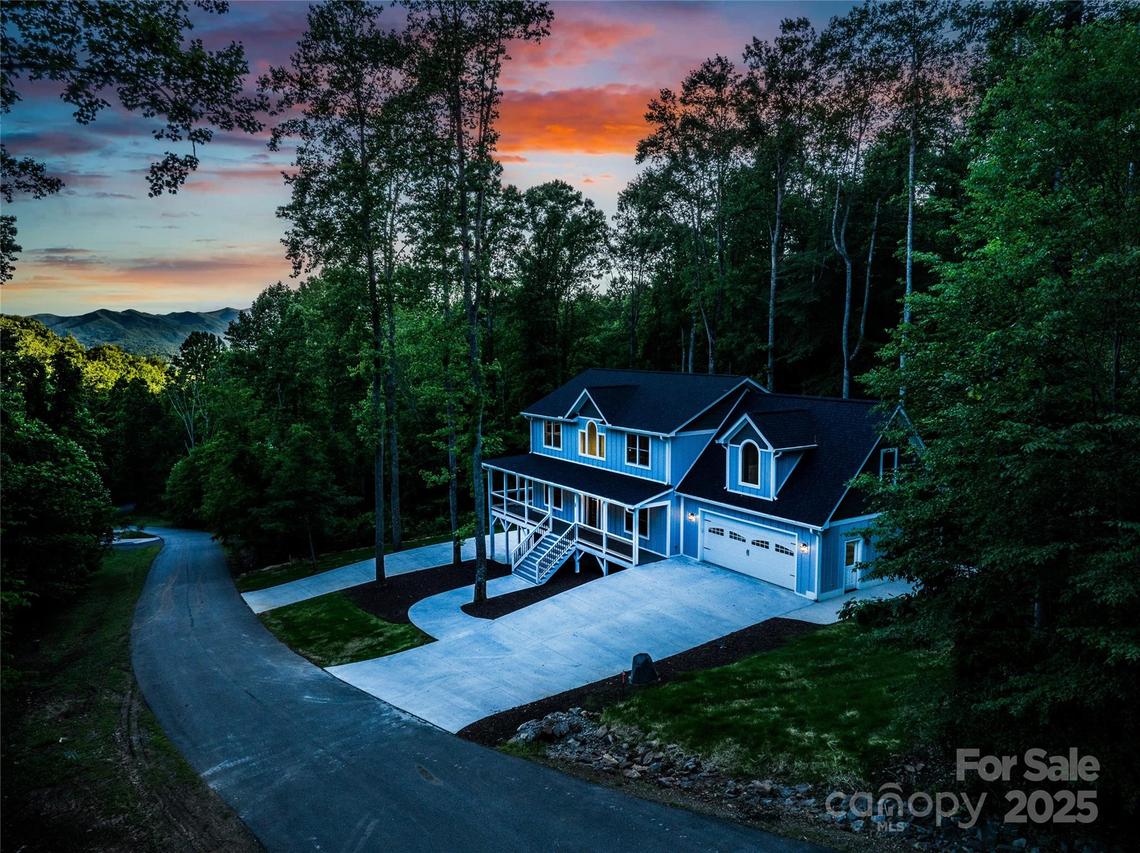 68 Bamboo Tr., Candler, NC 28715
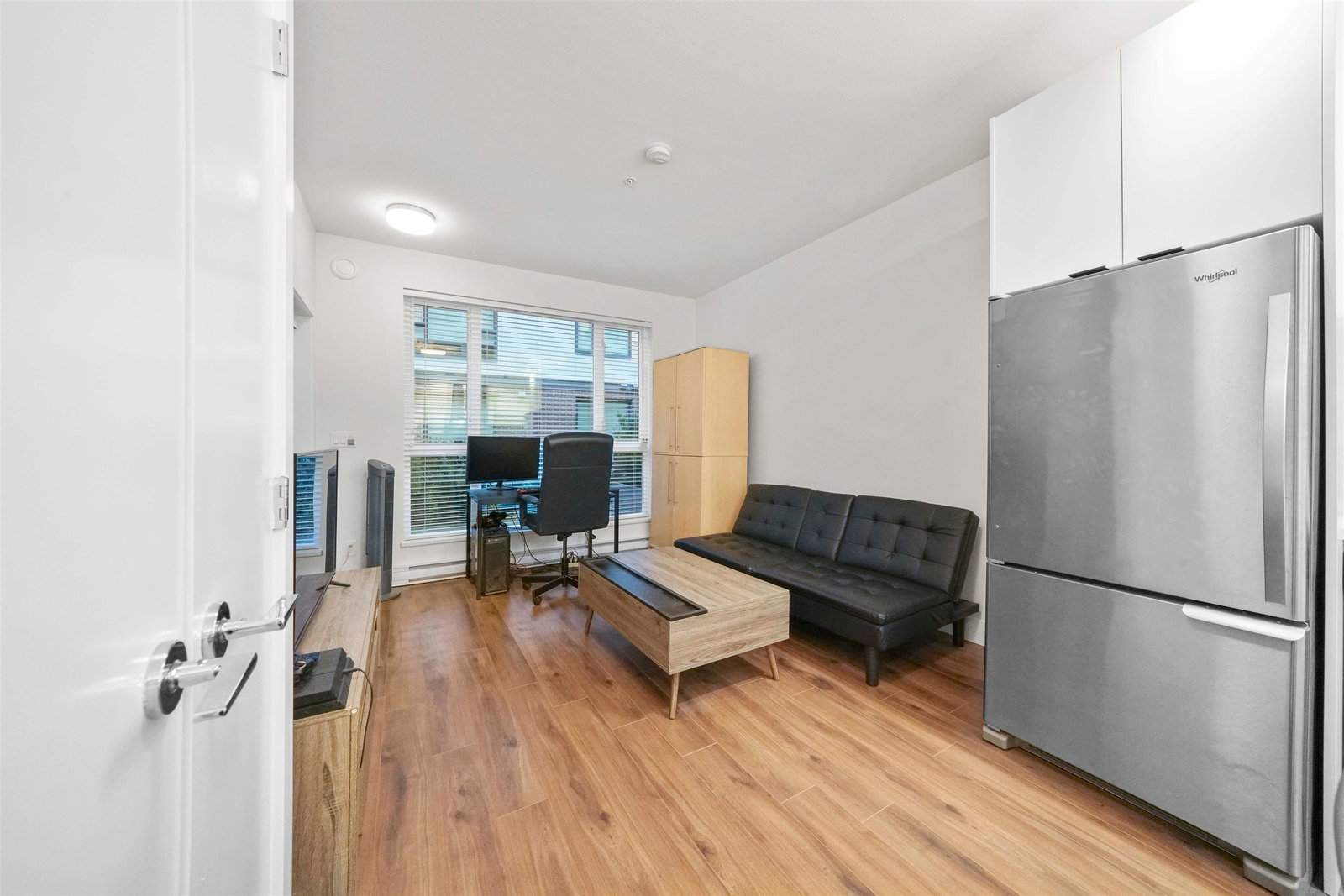 Listing Image 8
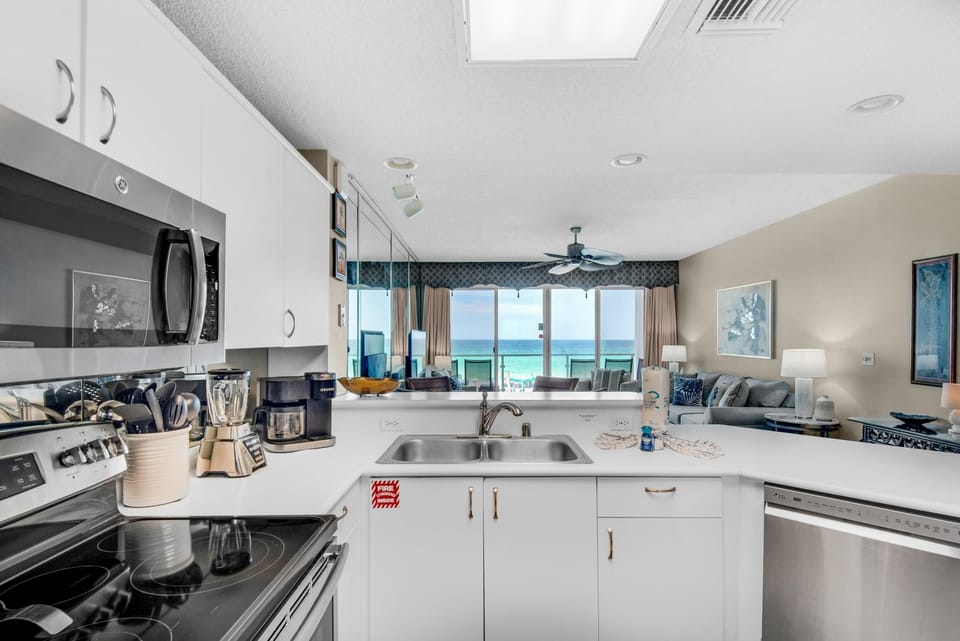 Condo, Multiple Beds (Sterling Sands 208) | Private kitchen | Oven, toaster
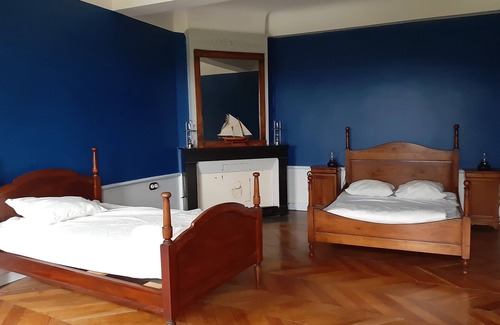 Saint-Didier-sur-Chalaronne Other | Château de Challes and Maison de Domaine with more than 30 beds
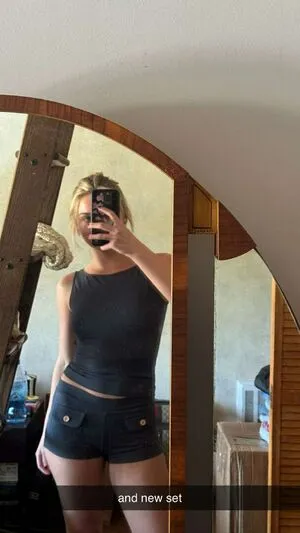 Emma Brooks OnlyFans Leaked Free Thumbnail Picture - #pjcC0b1zn8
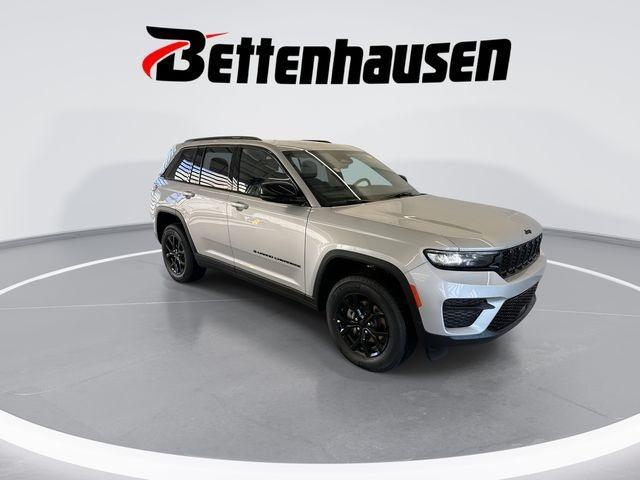 new 2025 Jeep Grand Cherokee car, priced at $39,530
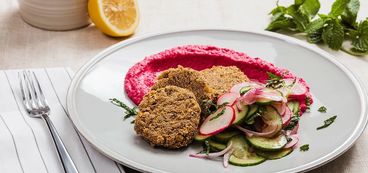 368 173 c48d 33a8 02772914 vegan amaranthfritter hero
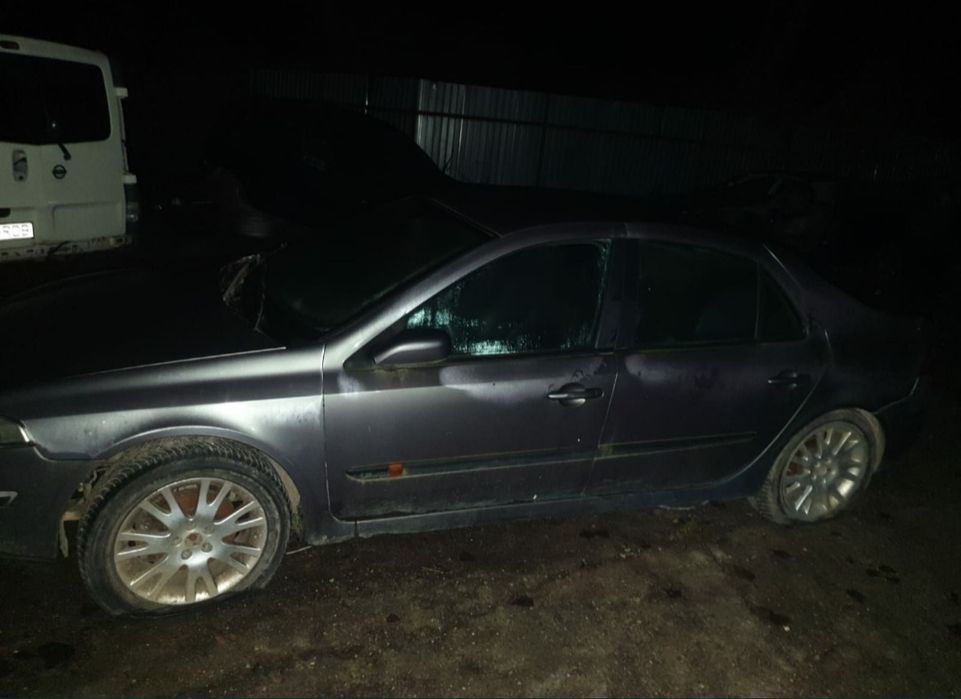 Dezmembrez Renault Laguna 1.9 Diesel, 1.6 Benzina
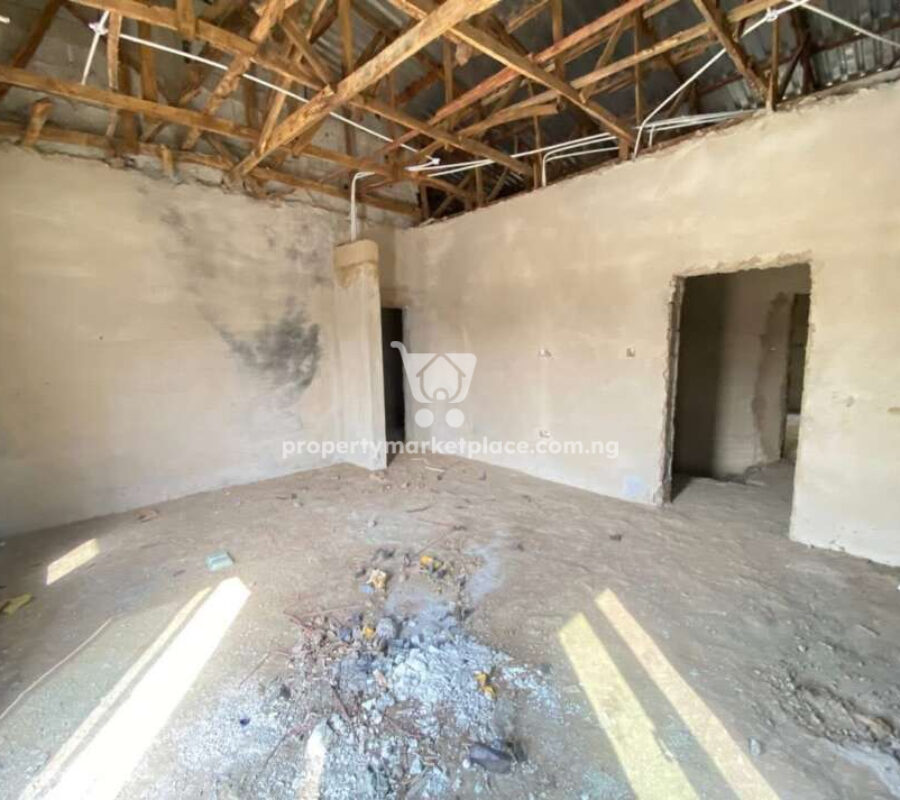 Spacious 4 bedroom terrace duplex with Bq (semi-finished)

Problem details: Leaving the pictures aside, repeat the data above exactly.

Your response:
 68 Bamboo Tr., Candler, NC 28715
 Listing Image 8
 Condo, Multiple Beds (Sterling Sands 208) | Private kitchen | Oven, toaster
 Saint-Didier-sur-Chalaronne Other | Château de Challes and Maison de Domaine with more than 30 beds
 Emma Brooks OnlyFans Leaked Free Thumbnail Picture - #pjcC0b1zn8
 new 2025 Jeep Grand Cherokee car, priced at $39,530
 368 173 c48d 33a8 02772914 vegan amaranthfritter hero
 Dezmembrez Renault Laguna 1.9 Diesel, 1.6 Benzina
 Spacious 4 bedroom terrace duplex with Bq (semi-finished)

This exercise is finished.